Here's a 64. Somebody stuck a Custom Made plate on it but there are no stud holes-just two little pinholes from the little nails that held it in place. I have this one too,

Here’s a 64. Somebody stuck a Custom Made plate on it but there are no stud holes-just two little pinholes from the little nails that held it in place. I have this one too.

Guitar Royalty

Sunday, August 9th, 2015
Bucky Pizzarelli stops by OK Guitars for a little talking' and picking'. Yes, that's me in the background trying to figure out what chords he's playing.

Bucky Pizzarelli stops by OK Guitars for a little talkin’ and pickin’. Yes, that’s me in the background trying to figure out what chords he’s playing.

There are a lot of perks to actually running a brick and mortar guitar shop. Yeah, there’s rent and insurance and security and all kinds of headaches that go hand in hand with retail shops. Not so fun stuff like the drunks from the local bar who show up to be entertained, marauding bands of 5 to 10 year olds who have somehow gotten away from their parents and dogs with giant wagging tails that put every guitar on a floor stand in great danger. Then there is the fun stuff. There are the instruments that walk in the door-a 63 335, a mint 70 Strat, a 1913 F-4 mandolin and quite a few others. And then, there are the guitarists who walk in the door.

Today I had a visit from the venerable Bucky Pizzarelli, a jazz legend at the age of 89. He played with everybody-Benny Goodman, Les Paul, Johnny Carson’s Tonight Show Band, Tal Farlow and tons of others in his 70 plus years of performing. He played for the Nixons, the Reagans and the Clintons. His children are well known musicians as well and he had his daughter, also a guitarist, with him. While generally associated with a seven string guitar, I asked him to make do with a couple of six strings.

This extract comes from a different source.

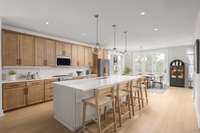 Alternate kitchen island gives additional storage and counter space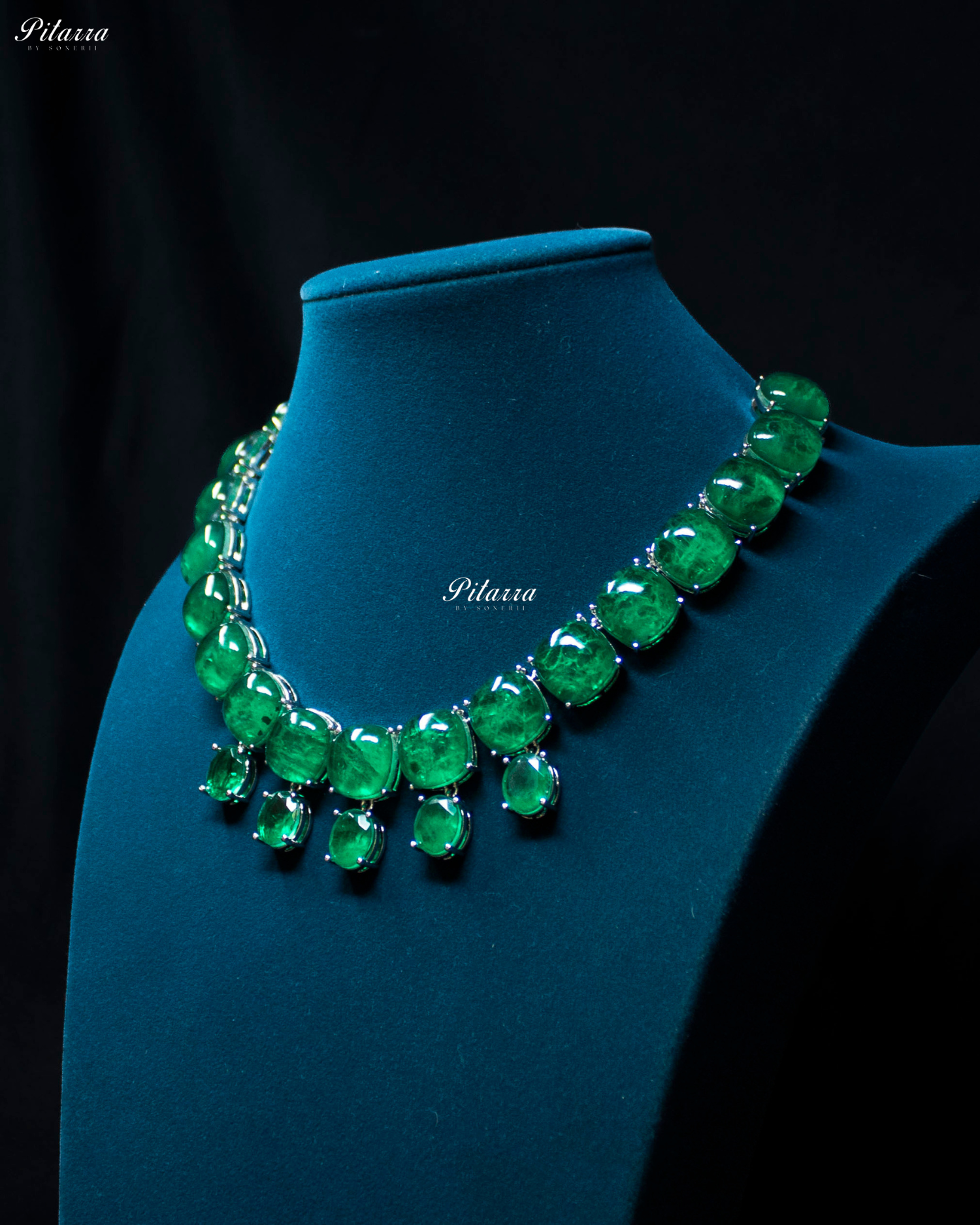 Emerald Drop Style Statement Crystal Necklace Set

He was drawn to a beat up black Gibson L-47 from the forties and played that for a while and then I brought out a big Gibson arch top from 1952 and he immediately said “Super 400″ and he was right, of course. He enjoyed that one and commented on how big it is. “This thing is huge”, he said and proceeded to play chords that I, even after 50 years of playing, didn’t recognize. It was effortless. He talked about the guitars he had around the house. “I’ve got a six string Danelectro bass somewhere-I think it’s in the attic…I haven’t seen that one for a while.” He pointed to a 60 Tremolux and said “I had one of those too, way back. Single twelve inch, right?” Right again. Then he played an early 50’s J-45 commenting about how loud it was. “Don’t need an amp with this one”, he said with a big smile on his face.

Then he asked me to play something. Yikes. I’m kind of a hack player but I know what I know. Our mutual friend George Potts, who arranged for Bucky to come by, was at the shop and he and I sang and played a few Beatles tunes. My playing was adequate at best and George’s was better but Bucky commented (favorably) on our harmony and seemed to enjoy the impromptu (and totally unrehearsed) performance. All in all, he was a wonderful and gracious guest and I was thrilled to have him visit.

Yeah, there are a lot of little hassles that go along with having a shop but they are all overshadowed when someone like Bucky walks in the door. He reminds me that there is a lifetime joy in doing what you love. I hope to be playing when I hit 90. His pal and neighbor Les played until he died at 94. Maybe the guitar is the reason these guys live so long. and so well.